__Task instructions__. Whenever a picture appears in the listing below, leave it out, and copy exactly the lines from the one containing "Smiling female doctor consoling senior man" through the end.

__Material shown__.
++++++++

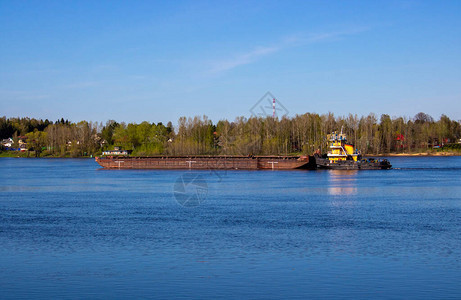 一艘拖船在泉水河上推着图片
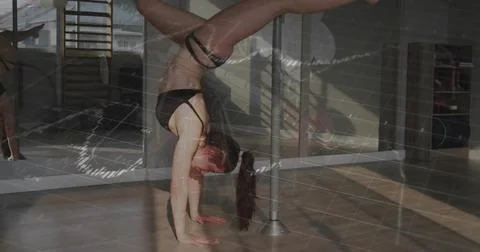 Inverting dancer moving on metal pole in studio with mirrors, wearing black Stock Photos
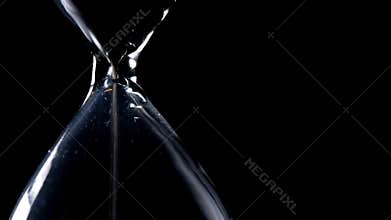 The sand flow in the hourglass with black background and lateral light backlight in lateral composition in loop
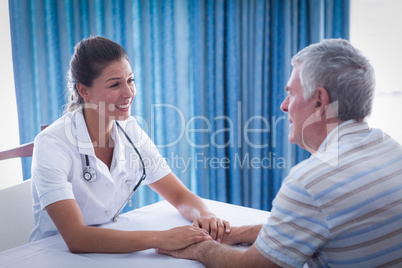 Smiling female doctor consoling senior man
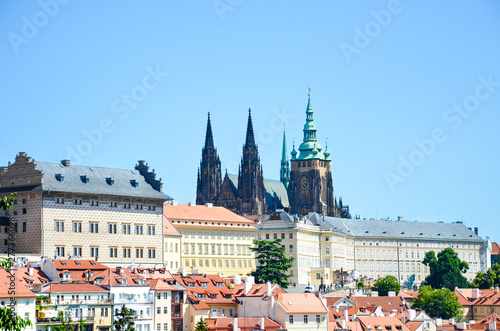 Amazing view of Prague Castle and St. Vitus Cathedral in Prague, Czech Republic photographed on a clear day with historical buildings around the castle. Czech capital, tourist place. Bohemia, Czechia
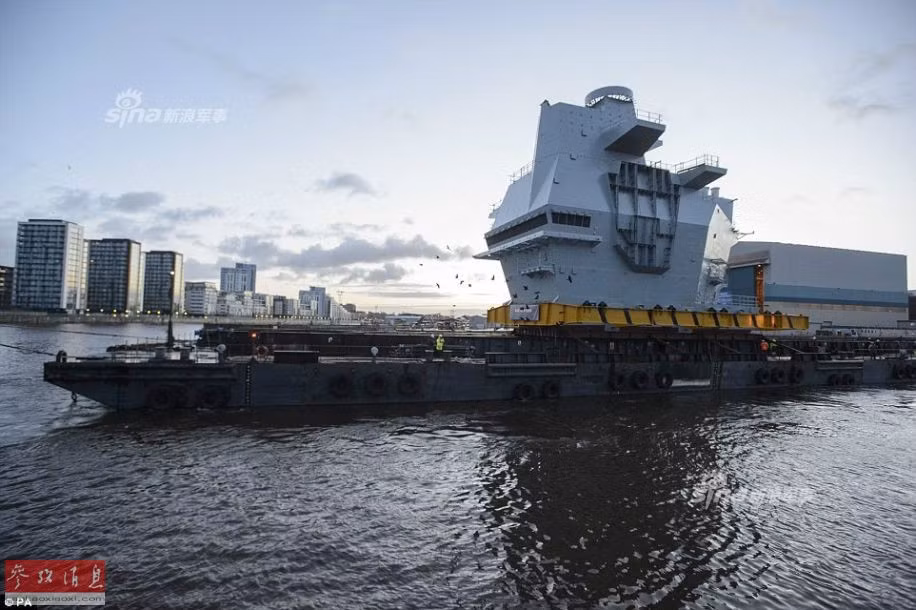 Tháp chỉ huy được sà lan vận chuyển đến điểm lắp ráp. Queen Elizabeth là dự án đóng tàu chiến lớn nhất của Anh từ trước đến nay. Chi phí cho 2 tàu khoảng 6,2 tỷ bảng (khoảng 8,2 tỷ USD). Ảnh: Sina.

++++++++

__Answer for this exercise__.
 Smiling female doctor consoling senior man
 Amazing view of Prague Castle and St. Vitus Cathedral in Prague, Czech Republic photographed on a clear day with historical buildings around the castle. Czech capital, tourist place. Bohemia, Czechia
 Tháp chỉ huy được sà lan vận chuyển đến điểm lắp ráp. Queen Elizabeth là dự án đóng tàu chiến lớn nhất của Anh từ trước đến nay. Chi phí cho 2 tàu khoảng 6,2 tỷ bảng (khoảng 8,2 tỷ USD). Ảnh: Sina.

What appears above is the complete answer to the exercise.